Blandine de Sansal est peut-être un peu jeune encore pour conférer au personnage de Goffredo, fier commandant en chef des armées croisées, toute son autorité, mais le timbre de la chanteuse est riche et le phrasé plein d’élégance. Le registre grave de la voix est particulièrement séduisant et la diction de l’italien est pleine de saveurs. Une jeune artiste à suivre, assurément !
Le rôle d’Alminera, la fille de Goffredo et amante de Rinaldo, à qui échoit l’air le plus connu de l’œuvre (« Lascia ch’io pianga »), est tenu par Emmanuelle de Negri. Elle pare le rôle d’une présence pleine de fraîcheur et vigueur, grâce à son timbre fruité et la délicatesse assurée avec laquelle elle déploie les lignes musicales.
Le timbre acidulé d’Aurore Buché convient tout à fait aux charmes âpres de la magicienne Armida. La voix manque cependant un peu d’ampleur pour épouser la mesure du personnage et l’aigu sonne un peu aigre, mais l’abattage scénique pallie adroitement ces quelques défauts.
D’une présence scénique saisissante, Thomas Dolié est un Argante plein de charmes. Certes, l’italien est un peu flou et le manque de coloration de la voix peut rendre parfois presqu’uniforme certains passages de la partition, mais la beauté de l’engagement, les qualités expressives de l’artiste et sa technique redoutable – quel impressionnant « Sibilar gli angui d’aletto », aux vocalises démesurées attaquées avec panache ! – balayent ces quelques réserves et emportent l’adhésion. Un portrait d’une grande noblesse et superbement accompli, assurément.
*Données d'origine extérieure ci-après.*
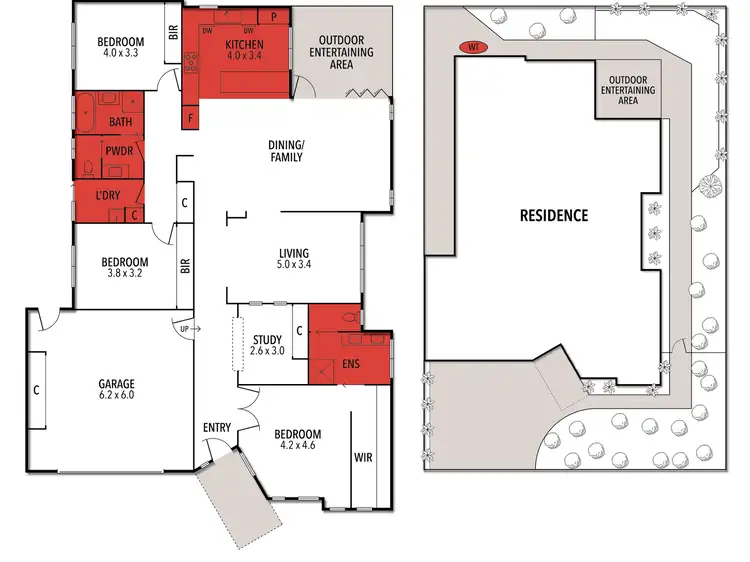 Floorplan of Homely house listing, 11 Rippleside Drive, Torquay VIC 3228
Les sortilèges et le merveilleux jaillissent aussi de la fosse où le Banquet Céleste officie. L’effectif instrumental est un peu réduit, mais cela n’empêche pas les musiciens d’atteindre une remarquable plénitude sonore. Les solistes, notamment le bassoniste et le claveciniste, remarquables d’engagement et de phrasé, dispensent un son riche et constrastée. On entend que le chef Damien Guillon est aussi un chanteur, tant sa direction épouse les mouvements des interprètes sur scène et tant l’orchestre semble soutenir et se fondre, dans un même temps, aux voix des chanteurs. La musique de Haendel s’anime sous sa baguette, tantôt avec un tranchant d’un éclatant dramatisme, tantôt avec une grâce pleine de charme et des contours délicats. Rarement on aura entendu un Haendel si palpitant, à la fois vivant, équilibré et d’une folle inventivité instrumentale.